Hereros

Premier génocide du XXe siècle

Les colons allemands sont arrivés pour la première fois en Afrique du Sud-Ouest (Namibie) dans les années 1840 comme missionnaires et commerçants. L’Allemagne a annexé l’Afrique du Sud-Ouest en 1884 et, en 1894, a envoyé des troupes pour étendre sa domination.

Les Hereros ont attaqué les forces allemandes en janvier 1904, en apprenant qu’ils allaient être forcés à se mettre dans des réserves pour faire place à une nouvelle voie ferrée. Le lieutenant-général Lothar von Trotha est arrivé pour réprimer la rébellion. Les guerriers Herero furent chassés dans le désert du Kalahari, où les puits furent systématiquement empoisonnés.

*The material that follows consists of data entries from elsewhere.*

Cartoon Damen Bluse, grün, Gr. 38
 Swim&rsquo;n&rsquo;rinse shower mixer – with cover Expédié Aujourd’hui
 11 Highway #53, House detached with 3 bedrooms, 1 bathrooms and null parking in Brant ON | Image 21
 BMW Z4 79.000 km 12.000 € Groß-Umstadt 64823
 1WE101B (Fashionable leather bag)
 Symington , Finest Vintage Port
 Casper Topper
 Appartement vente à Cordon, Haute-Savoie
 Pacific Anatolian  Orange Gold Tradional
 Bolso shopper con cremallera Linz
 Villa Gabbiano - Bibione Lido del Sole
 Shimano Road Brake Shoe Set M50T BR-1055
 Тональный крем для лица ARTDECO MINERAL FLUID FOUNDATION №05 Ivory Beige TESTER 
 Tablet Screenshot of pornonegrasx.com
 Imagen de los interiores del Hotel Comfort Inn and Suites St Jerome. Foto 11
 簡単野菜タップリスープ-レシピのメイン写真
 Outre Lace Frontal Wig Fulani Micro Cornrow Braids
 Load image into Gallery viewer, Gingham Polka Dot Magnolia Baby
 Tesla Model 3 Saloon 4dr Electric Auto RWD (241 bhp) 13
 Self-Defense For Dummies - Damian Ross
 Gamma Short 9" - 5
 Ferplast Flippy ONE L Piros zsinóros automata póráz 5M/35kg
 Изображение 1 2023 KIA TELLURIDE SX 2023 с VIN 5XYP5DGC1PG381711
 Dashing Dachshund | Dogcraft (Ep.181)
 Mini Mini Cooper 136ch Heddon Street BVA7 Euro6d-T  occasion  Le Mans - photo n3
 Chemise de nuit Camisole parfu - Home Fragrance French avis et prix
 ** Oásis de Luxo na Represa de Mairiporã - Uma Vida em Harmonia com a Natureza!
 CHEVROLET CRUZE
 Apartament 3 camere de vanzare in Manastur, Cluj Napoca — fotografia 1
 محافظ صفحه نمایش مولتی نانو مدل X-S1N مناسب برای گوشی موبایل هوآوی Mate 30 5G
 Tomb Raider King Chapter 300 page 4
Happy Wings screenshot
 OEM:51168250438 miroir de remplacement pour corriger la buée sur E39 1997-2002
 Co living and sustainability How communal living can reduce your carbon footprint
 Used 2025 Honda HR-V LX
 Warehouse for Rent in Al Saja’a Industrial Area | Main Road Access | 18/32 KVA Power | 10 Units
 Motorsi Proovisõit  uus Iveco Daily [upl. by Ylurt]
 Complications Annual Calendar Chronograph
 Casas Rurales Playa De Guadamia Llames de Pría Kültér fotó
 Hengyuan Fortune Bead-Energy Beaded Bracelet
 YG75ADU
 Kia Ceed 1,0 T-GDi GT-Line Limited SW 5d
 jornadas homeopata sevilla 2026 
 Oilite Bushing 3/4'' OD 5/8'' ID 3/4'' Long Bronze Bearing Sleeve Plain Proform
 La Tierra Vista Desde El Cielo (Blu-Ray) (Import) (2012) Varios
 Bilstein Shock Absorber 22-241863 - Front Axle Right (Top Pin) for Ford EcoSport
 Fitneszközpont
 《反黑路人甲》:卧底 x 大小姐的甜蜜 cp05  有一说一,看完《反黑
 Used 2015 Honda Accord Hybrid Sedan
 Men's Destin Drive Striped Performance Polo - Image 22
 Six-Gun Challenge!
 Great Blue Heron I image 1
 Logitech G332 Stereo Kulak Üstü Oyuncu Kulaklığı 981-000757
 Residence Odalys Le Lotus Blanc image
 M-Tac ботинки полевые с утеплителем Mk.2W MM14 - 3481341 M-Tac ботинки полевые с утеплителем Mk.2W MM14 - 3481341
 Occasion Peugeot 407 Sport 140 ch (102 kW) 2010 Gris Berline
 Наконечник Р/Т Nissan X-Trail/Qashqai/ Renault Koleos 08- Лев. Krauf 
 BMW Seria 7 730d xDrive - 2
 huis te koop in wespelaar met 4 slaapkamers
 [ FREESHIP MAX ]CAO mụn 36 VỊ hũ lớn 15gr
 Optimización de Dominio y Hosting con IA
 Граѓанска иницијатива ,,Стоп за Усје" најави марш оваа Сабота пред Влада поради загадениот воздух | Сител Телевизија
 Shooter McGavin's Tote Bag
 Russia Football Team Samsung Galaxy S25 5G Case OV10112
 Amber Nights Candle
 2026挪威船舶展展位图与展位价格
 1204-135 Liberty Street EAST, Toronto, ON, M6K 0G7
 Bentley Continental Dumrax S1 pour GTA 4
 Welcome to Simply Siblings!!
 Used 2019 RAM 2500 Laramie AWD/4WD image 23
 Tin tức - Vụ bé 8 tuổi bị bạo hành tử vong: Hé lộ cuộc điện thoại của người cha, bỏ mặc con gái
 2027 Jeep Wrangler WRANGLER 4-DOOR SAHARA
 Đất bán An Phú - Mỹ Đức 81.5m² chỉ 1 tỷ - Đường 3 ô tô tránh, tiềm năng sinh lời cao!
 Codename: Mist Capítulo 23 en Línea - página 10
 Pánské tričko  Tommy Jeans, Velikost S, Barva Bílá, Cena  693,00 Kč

Le 2 octobre 1904, von Trotha donna l’ordre à la Schutztruppe ( » force de protection « ) de tuer les Herero restants. Les femmes et les enfants hereros furent chassés dans le désert d’Omaheke. Ils sont morts de faim et de soif. D’autres ont été vendus comme esclaves, dont beaucoup comme esclaves sexuels – bien que Von Trotha se soit opposé à ce dernier point, arguant que l’insurrection Herero était « le début d’une lutte raciale ».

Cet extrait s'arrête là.